Senator Jon Tester said he was pleased with the decision because it gives legislators more time to convince CBP to keep the port open 24 hours. He points out closing the port at night leaves a 550-mile gap between 24-hour ports along the northern border in Montana and North Dakota.

As of press time, the port closure hours will be between the hours of midnight and 6 a.m.

A previous article in the Sidney Herald indicated a March 6 start date for the testing period. The decision to change the start time for the testing period wasn’t made until Tuesday after press time.

The initial start date was announced at a Feb. 11 meeting in Plentywood that attracted about 200 people with concerns ranging from the effect on the economy to problems getting emergency health care when open ports are so far apart.

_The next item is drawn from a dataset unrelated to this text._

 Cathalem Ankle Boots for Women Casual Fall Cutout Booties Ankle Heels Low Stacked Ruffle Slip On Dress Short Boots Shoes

The testing period is to run for 60 days to allow CBP to thoroughly explore all its options.

“Last year, and this year, CBP has been actively listening and will continue to listen to the concerns and needs of the stakeholders and the surrounding communities,CBP public affairs officer Kristen Maypol said. “Their feedback is important to CBP and will be taken into account in the final decision.”

An additional component to the overall evaluation of whether to modify existing port hours will include the 2015 assessment of potential security implications, total annual operating costs, average annual crossing for commercial and passenger vehicles and proximity to alternate ports of entry.

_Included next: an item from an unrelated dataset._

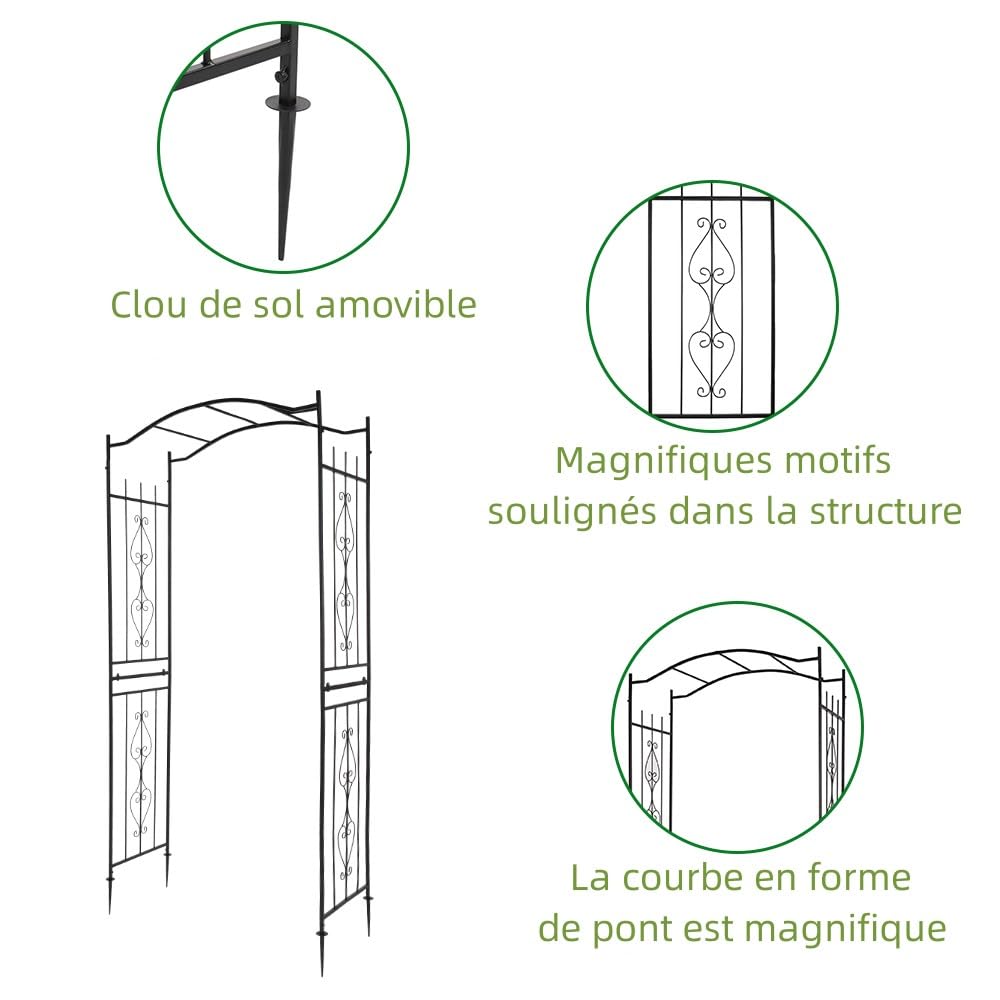 LEADZM Arche de Jardin en Métal – Design Haut de Pont avec Motif Décoratif – 110x45x230 cm – Idéal pour Mariages, Clôtures et Décoration Extérieure – Noir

“CBP wants to strike a balanced schedule for the port such that the operating hours suit the workload,” Maypole said. “Looking at the complete picture, CBP recognizes the importance of cross border travel to local and regional economic development activity and endeavors to facilitate it to the best of their ability. It is embodied in the agency mission statement and CBP is held accountable to it.”

No final decision has yet been made as to whether the port will be closed six hours in a 24-hour period on a permanent basis, Maypole said.

Previously, CBP has pointed out that an average of just 3.39 vehicles are using the crossing between the hours of midnight and 8 a.m. in 2015, and more than half of those came through just after 6 a.m.

They estimate it is costing $340,000 in overtime and $200,000 in temporary duty costs to maintain a 24-hour crossing at the port.

“The Raymond Port of Entry has the lowest volume of commercial import shipments of all the commercial ports in Montana,” says Great Falls Area Port Director Daniel Escobedo. “The midnight shift at Raymond Port of Entry accounts for just .66 percent of commercial shipments arriving at all commercial ports of entry in Montana.”

Comments and feedback are to be accepted throughout the 60-day test period. They may be sent to Area Port Director Daniel Escobedo, Attn: “Raymond-Test Hours” 2108 21st St. S., Great Falls, Montana 59404.

At the end of the test period, an assessment will be conducted to include feedback comments, and a cost-saving analysis to make a decision on the permanent hours for the Raymond POE.